辛いなら、成仏しなければいいと思うけど……でも、それは違うとも思った。それは無理だと思った。だって、私はもう充分に幸せだったから。未練はあっても、満足は満足だったから。これ以上の幸せを望むのは、死者のすることじゃない。
「触れただけで大満足なんだよ、私は。……まあ、あの男を捕まえられないのはちょっと癪だけど……」
そう言って、武内護の方を見る。――と、そこには驚くべき光景があった。
「え……うぁ」
意識を失っている武内護の傍に……キメラが浮いている。キメラだ。ただ……酷く造形は醜悪だけど。
動物の顔が何百も組み合わさって、一体の獣をかたどっている。そんな存在。あれが……世に聞く「悪霊」というものだろうか。あまりにも悪意に満ち溢れてるその存在に、私は硬直した。
しかし……そいつは、私を見ては居なかった。武内護を凝視していた。そして……
「あっ!」
しゅっと、武内護の中に入っていってしまった。
「う、わぁ……」
瞬間、蛍が助けた犬が「わん!」と吼える。
「お前、意外と容赦ないね。あんなのまで呼んできたのかい?」
私が声をかけると、知ってか知らずか、もういちど「わん!」と返す犬。……まあ、自業自得か。あれはおそらく、武内護が殺した動物達の霊の塊だろう。ホント……「自業自得」という言葉がここまでぴったりなケースも珍しい。

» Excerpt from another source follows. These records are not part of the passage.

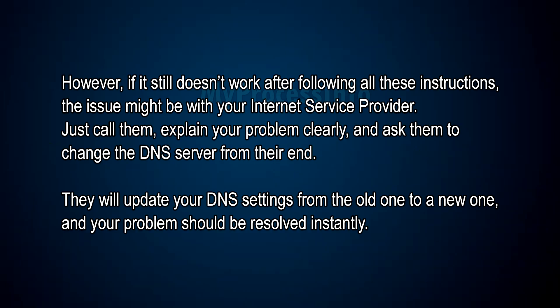However, if it still doesn't work after following all these instructions, the issue might be with your Internet Service Provider. Just call them, explain your problem clearly, and ask them to change the DNS server from their end. They will update your DNS settings from the old one to the new one and your problem should be resolved instantly. Thanks for watching, stay safe.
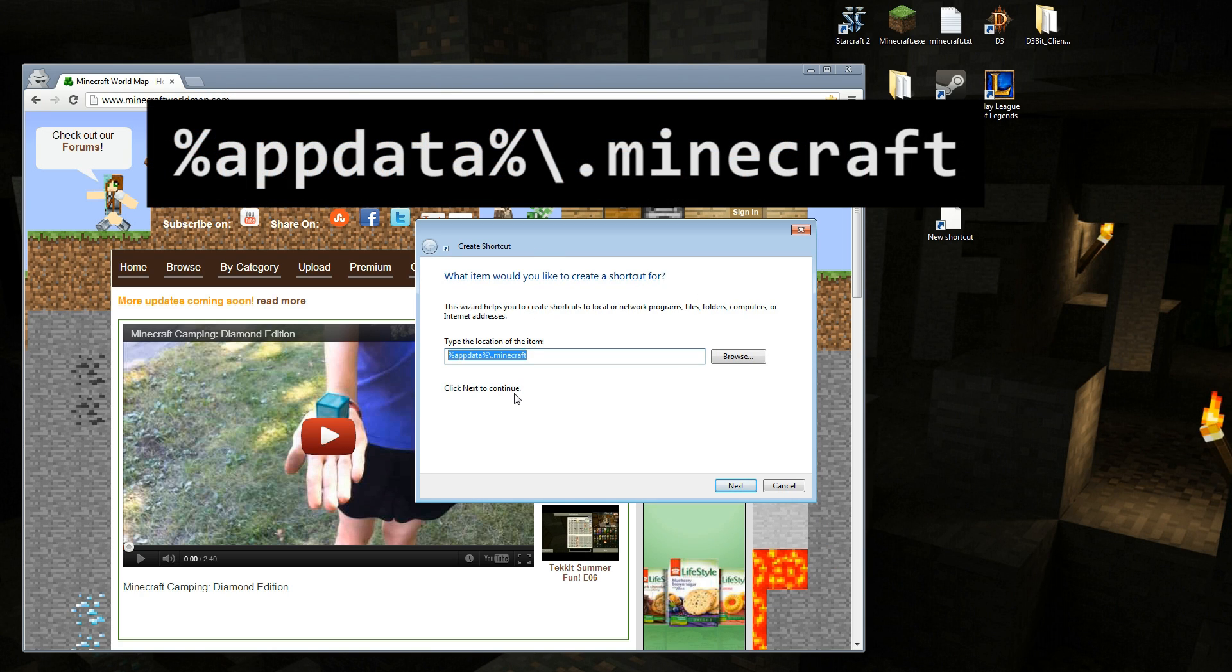I'm going to have it in big letters so you can see this. Percent, app data, percent. I believe that's a backslash dot Minecraft.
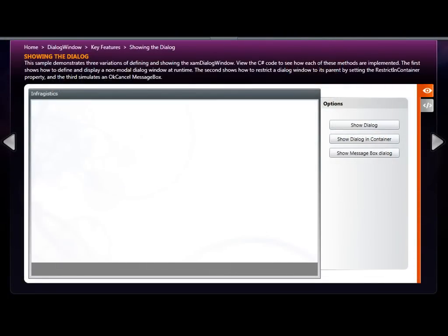The XAM dialog window provides you with a quick and easy way to create a very nice and elegant dialog window within your Silverlight application.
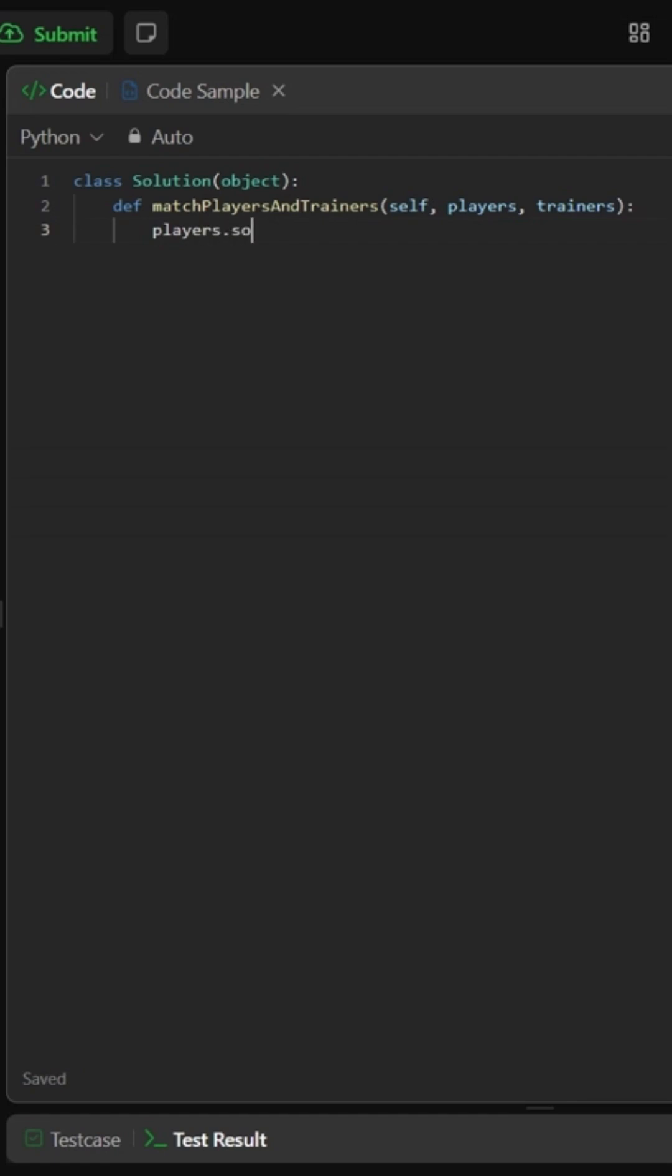First, sort both arrays so weaker players and weaker trainers come first. We'll use two pointers, player and trainer, plus a counter matches.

彼は結局捕まらないかもしれないが、とりあえず、今後捕まる以上の最悪な人生を歩むことは間違いないと思われた。まあ……いいか。
「…………」
救急車の音が聴こえてくるとともに、私の体がキラキラと輝き始めた。そうだね……救急車が到着したら、「私の役割」はもう終わりだよね……神様。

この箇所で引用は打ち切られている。